Magen David Square is perhaps the most interesting square in Tel Aviv. It is one of the busiest points in the city, where five major streets meet: Alenbi, King George, Sheinkin, Ha’Carmel and Nachalat Binyamin. Six in fact, if you count both parts of Alenbi, the same number as the points on a Star Of David.
It is also where two very special markets meet: The Carmel Market, which offers food, cheap clothing and pirated DVDs and is active every day except Saturday, and the Nachalat Binyamin Arts and Crafts Market that joins in on Tuesdays and Fridays. Though both markets definitely deserve a visit, if you’re not hungry and if you’re looking for something uniquely Tel Aviv, make sure to come when the Arts and Crafts market is open.

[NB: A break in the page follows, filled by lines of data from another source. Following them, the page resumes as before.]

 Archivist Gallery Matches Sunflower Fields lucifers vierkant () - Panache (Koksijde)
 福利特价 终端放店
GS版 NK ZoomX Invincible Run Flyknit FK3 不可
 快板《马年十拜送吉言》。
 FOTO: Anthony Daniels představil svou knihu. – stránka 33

While the market is the main attraction for most visitors to the area of Nachalat Binyamin, it’s really not all there is on Nachalat Binyamin Street. The market was started in 1987 as part of an initiative aimed at preserving dying crafts and arts. It was at first only a small market with a dozen sellers, but since then it has grown to accommodate over 200 artists and vendors that set up shop between 7 a.m. and 5 p.m. every Tuesday and Friday.

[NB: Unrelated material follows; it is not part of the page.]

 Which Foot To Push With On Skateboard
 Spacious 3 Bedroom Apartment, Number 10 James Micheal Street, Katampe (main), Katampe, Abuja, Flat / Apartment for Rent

It is a point of pride for the vendors and the city that all the goods on sale are handmade, often by the vendors themselves. Some, such as the glass blower, even practice their craft on the spot. The items on sale are presented on small and crowded tables along the pedestrian area of the street, which has been blocked off to cars.
The variety and choice of things to look at and buy might be a bit much, so make sure to have a good hour or two to devote to the market if you want to see it all. You can find pretty much anything, ranging from the beautiful to the useful, from jewelery to toys, photography to ceramics, Judaica items and even designer toothbrush holders.
Some of the vendors are there on behalf of charitable organizations, offering works of art made by volunteers and sold for cheap, while others are professional artists, offering their works for relatively high prices. In the rare and few spaces between the tables you’ll find plenty of street artists, fortune-tellers, magicians, interpretive dancers and the occasional broke musician trying to make some money with a guitar and a hat.
What makes Nachalat Binyamin so unique and deserving of a visit even on a non-market day is its history and looks: Nachalat Binyamin was originally founded back in the early 20th century as an entirely separate town and not as part of Tel Aviv (then called “Achuzat Ba’it”).
In 1912, mainly due to a water shortage, Nachalat Binyamin (named after the biblical tribe of Binyamin, and not as most mistakenly think, after Theodore Herzl) joined the young town soon to become Tel Aviv. Since then it’s been able to maintain a unique character that makes it stand out compared to other areas in the city: It is a very long street, stretching all the way from Magen David square to Florentin, and along it are some of the most beautiful buildings in Tel Aviv. While Tel Aviv is famous for its Bauhaus buildings, most of the structures on Nachalat Binyamin were built in an eclectic style, with touches of art nouveau in the art nouveau tiles made in Palestine in the 20’s and 30’s (walking down the street, make sure to look up once in a while and you’ll surely spot a few original tiles).
The most beautiful part of the street is the part where the market takes place, in the pedestrian area that goes from Magen David square to Gruzenburg street.
Since the market arrived in Nachalat Binyamin and replaced the traditional textile merchants, the area has known a real revival, and it’s still close to impossible to find a vacant apartment in the area. What once was a sleepy little alley occupied mostly by textile merchants has become a vibrant and happening place to be.
The textile merchants are still there, though in smaller numbers, but have been joined by plenty of fine restaurants, bars, cafes, concept shops and even a gallery or two. Carmella Bistro, a fine dining restaurant, LoveEat, a trendy café, Hummus Kaful, a friendly hummus joint, and the new Little Prince literary café are just a few examples, and all are located on the pedestrian area. Going further down the street, or off it to one of its many side streets, will allow the curious visitor to find many more good places to eat and drink. La’Champa, which is a bar that serves only sparkling wine, is one of them, and Café Eifel is also a notable one, as it is the smallest café in Tel Aviv, yet its coffee is often better than that served in the biggest.
Continuing the old textile tradition of the area, many young designers have made their studios along Nachalat Binyamin, and though the studios are not easy to find, you’ll have no trouble finding boutiques and second hand shops that cater to pretty much any taste and price range. All in all, and with the exception of the rare rainy day, no visit to Tel Aviv would be complete without checking out Nachalat Binyamin, be it during a market day or at night for dinner and drinks.